What Is dbt? The Data Engineer's Complete Guide
You've joined a data team, and someone keeps referencing "dbt models" in pull requests. Or maybe your warehouse has 200 views and nobody knows which ones are still in use. dbt (data build tool) is the framework that turned SQL-based data transformation into a proper engineering discipline — with version control, testing, and documentation baked in.
This article explains what dbt actually does, how it works under the hood, when it's the right choice, and when it isn't.
What Is dbt and Why Does It Exist?
dbt is an open-source command-line tool that lets you transform data already loaded into your warehouse using SQL SELECT statements. You write models (SQL files), dbt compiles them into DDL/DML, and executes them against your warehouse in the correct dependency order.
Before dbt, data transformation meant one of three things:
- Stored procedures nobody dared touch
- Python scripts that mixed extraction, loading, and transformation into unmaintainable blobs
- GUI-based ETL tools where logic lived in drag-and-drop canvases, invisible to version control
dbt changed the game by applying software engineering practices — git, CI/CD, modularity, testing — to the T in ELT. It doesn't extract or load data. It only transforms what's already in your warehouse.
How dbt Works: The Core Concepts
Models
A dbt model is a SQL SELECT statement saved as a .sql file. dbt wraps it in CREATE TABLE AS or CREATE VIEW AS depending on your materialization config. Here's a practical example — a staging model that cleans raw order data:
-- models/staging/stg_orders.sql
-- Dialect: Snowflake SQL (works similarly in BigQuery, Redshift, Postgres)
WITH source AS (
SELECT * FROM {{ source('raw', 'orders') }}
),
cleaned AS (
SELECT
id AS order_id,
user_id,
TRIM(LOWER(status)) AS order_status,
amount_cents / 100.0 AS order_amount_usd,
created_at::timestamp AS ordered_at
FROM source
WHERE id IS NOT NULL
)
SELECT * FROM cleaned
The {{ source() }} and {{ ref() }} functions are Jinja macros that dbt uses to build a dependency graph (DAG) of your models. When you run dbt run, it executes models in topological order — upstream tables first.
Materializations
dbt supports four materialization strategies out of the box:
| Materialization | What It Creates | When to Use |
|---|---|---|
view | SQL view | Lightweight staging layers, low query frequency |
table | Physical table (full rebuild) | Marts and aggregations, moderate data volume |
incremental | Appends/merges new rows only | Large fact tables, event streams |
ephemeral | CTE (no database object) | Reusable logic that doesn't need its own table |
Tests and Documentation
dbt lets you define tests in YAML:
# models/staging/_stg_models.yml
models:
- name: stg_orders
columns:
- name: order_id
tests:
- unique
- not_null
- name: order_status
tests:
- accepted_values:
values: ['pending', 'completed', 'cancelled', 'refunded']
Run dbt test and you get pass/fail results for every assertion.
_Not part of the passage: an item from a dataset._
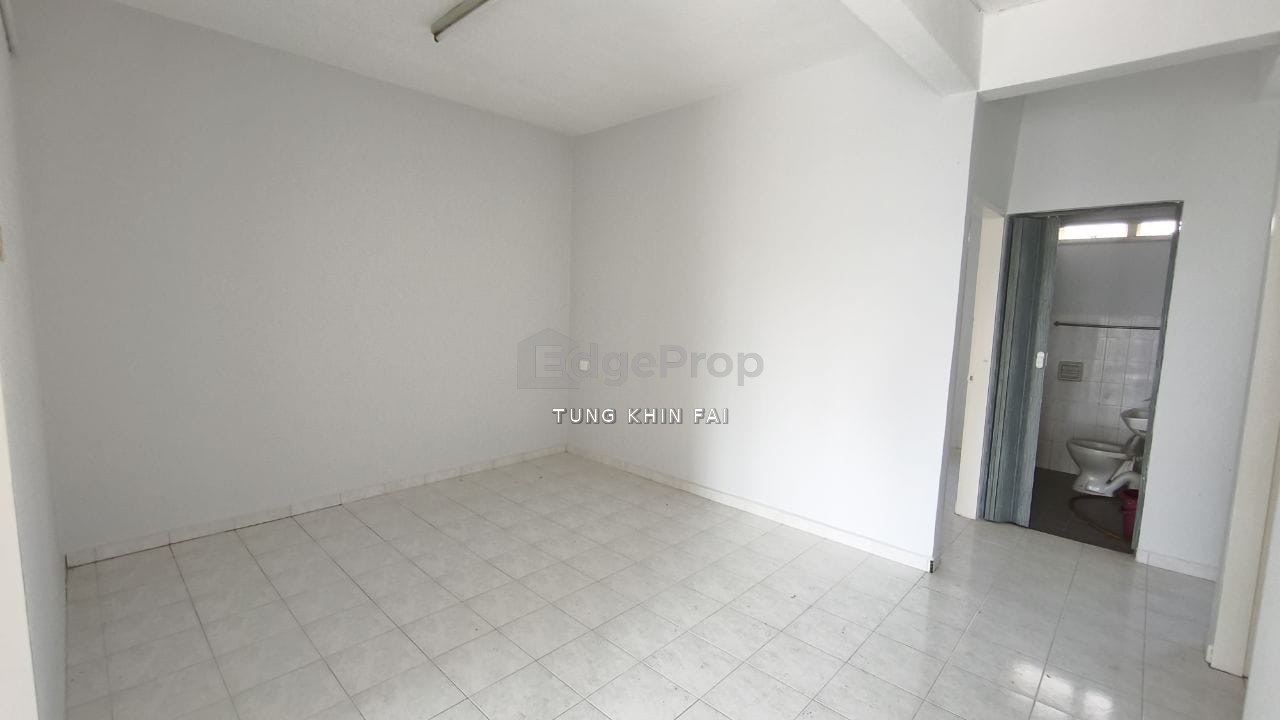Freehold Walk Up Pangsapuri Bakti 2 Melaka For Sale , Melaka, Bandar Hilir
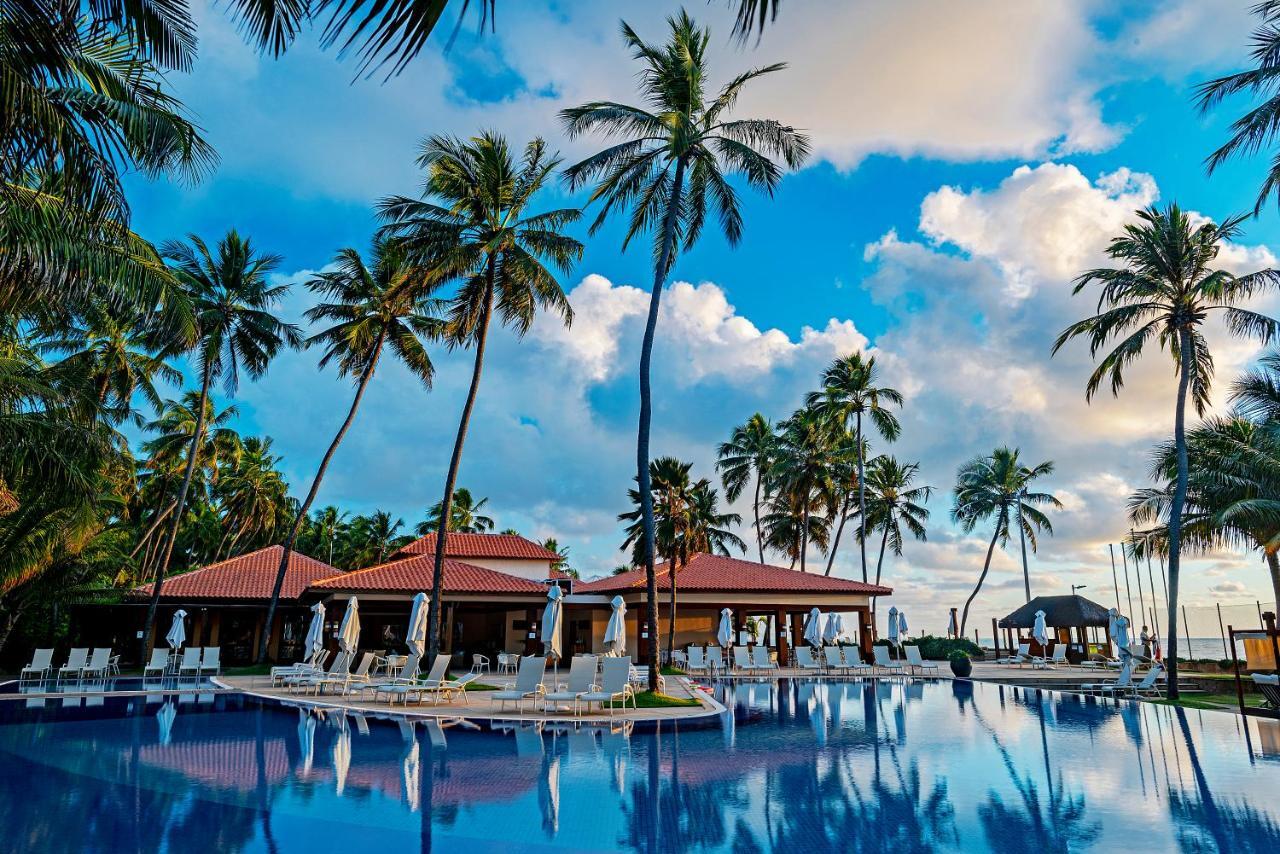 Jatiuca Suites Resort By Slaviero Hoteis Maceió Екстериор снимка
This is table stakes for data quality — and something most SQL-only workflows completely lack.
dbt Core vs dbt Cloud
This is the first decision any team evaluating dbt analytics engineering needs to make. Here's an honest comparison:
| Dimension | dbt Core (OSS) | dbt Cloud |
|---|---|---|
| Cost | Free (open source) | Team: $100/seat/mo, Enterprise: custom [Last verified: March 2026] |
| Execution | CLI, runs wherever you deploy it | Managed SaaS, browser-based IDE |
| Scheduling | BYO (Airflow, cron, Dagster, etc.) | Built-in job scheduler |
| CI/CD | You configure it (GitHub Actions, etc.) | Slim CI built-in (runs modified models on PR) |
| IDE | Your editor (VS Code, vim, whatever) | Cloud IDE with DAG visualization |
| Semantic Layer | MetricFlow (self-hosted) | Managed MetricFlow + API |
| Access Control | None (it's a CLI tool) | Environment-level permissions, SSO |
| Setup Effort | Medium-high (infra, orchestration, CI) | Low (sign up, connect warehouse, go) |
| Flexibility | Full control, any orchestrator | Locked into dbt Cloud patterns |
When to choose dbt Core: Your team already has orchestration (Airflow, Dagster), wants full control, and has engineers comfortable with DevOps. Cost-sensitive teams also benefit — it's free forever.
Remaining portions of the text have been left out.